We all question ourselves when this happens. We think it's us. We think it's what we said or didn't say. What we did or didn't do. We think all the way back to school. We think IT'S US. Our fault. It really isn't. Only when you're with the right one, and open that pandoras box when you feel safe with them, you do the soul searching, discovering, growing and complete healing. You realise it wasn't about you, you were with the wrong ones. Because with the right one, you don't need to change a thing. You can be yourself, and they will love you as you are. They will appreciate everything about you. Unconditional love. Have hope and keep up the faith.
You're 51, and although physically you are alone, you're not alone in spirit. All us ladies on here who have responded, you can see we have been through some of what you have, in our own way. We can relate, and we empathise. We also support you and are here for you. Join our site, and as you get answers to your questions, read some of the other questions and add value to those that are still to go through what you have. You have all this experience and can guide them, and help you not feel so alone.
As for the 2 cousins and the Aunt far away - they are far away in distance, but with technology and social networking, they are a click away ;-) Re-connect, and well done for being a computer user! See, things could be a lot worse ;-)
Sorry to hear about the Rheumatism Arthritis... I have a colleague at work whose wife suffers from this, and as he said, he would not wish that on his worst enemy. You are very strong and courageous. I'm glad you have your faith, as you said, to see you through this dark tunnel of endless pain. (Hugs)

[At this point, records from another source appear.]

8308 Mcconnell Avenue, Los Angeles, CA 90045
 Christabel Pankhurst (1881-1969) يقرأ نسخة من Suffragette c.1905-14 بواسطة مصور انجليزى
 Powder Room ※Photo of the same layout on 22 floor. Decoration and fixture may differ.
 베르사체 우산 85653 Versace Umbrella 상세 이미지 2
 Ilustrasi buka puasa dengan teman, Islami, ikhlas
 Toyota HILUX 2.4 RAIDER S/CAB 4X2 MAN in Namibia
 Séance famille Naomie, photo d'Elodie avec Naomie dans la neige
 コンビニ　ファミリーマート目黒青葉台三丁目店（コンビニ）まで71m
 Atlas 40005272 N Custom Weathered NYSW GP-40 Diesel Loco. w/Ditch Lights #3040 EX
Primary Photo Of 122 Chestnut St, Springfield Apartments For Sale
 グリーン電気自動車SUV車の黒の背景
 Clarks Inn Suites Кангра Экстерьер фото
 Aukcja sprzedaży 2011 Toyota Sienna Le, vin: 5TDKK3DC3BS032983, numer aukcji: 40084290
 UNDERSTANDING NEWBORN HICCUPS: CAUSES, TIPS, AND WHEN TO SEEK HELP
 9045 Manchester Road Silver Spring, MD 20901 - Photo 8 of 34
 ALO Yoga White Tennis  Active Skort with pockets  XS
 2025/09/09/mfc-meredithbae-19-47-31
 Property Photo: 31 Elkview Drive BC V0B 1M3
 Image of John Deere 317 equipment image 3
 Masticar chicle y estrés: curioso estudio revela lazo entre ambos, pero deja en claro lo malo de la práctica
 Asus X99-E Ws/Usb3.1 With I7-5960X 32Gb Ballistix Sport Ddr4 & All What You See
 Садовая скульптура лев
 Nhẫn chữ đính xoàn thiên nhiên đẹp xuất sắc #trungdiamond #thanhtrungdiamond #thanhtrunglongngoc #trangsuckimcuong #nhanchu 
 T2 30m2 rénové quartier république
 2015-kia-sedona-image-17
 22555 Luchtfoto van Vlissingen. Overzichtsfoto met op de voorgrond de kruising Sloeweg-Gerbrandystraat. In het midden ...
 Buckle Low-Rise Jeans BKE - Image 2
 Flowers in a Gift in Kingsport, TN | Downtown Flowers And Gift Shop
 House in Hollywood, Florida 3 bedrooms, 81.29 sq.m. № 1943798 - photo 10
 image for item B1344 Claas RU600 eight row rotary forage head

So in answer to your question, YES, some of us have gone through similar experiences, in one way or another. You are not alone. Find comfort in knowing you are not alone, and that we suppport you.
I hope we can give you hope that there is light at the end of the tunnel. That there are great guys out there, who are worthy of our love. Continue to trust and believe that, and I pray you find healing, growth and peace, happiness and LOVE :)
Best Wishes.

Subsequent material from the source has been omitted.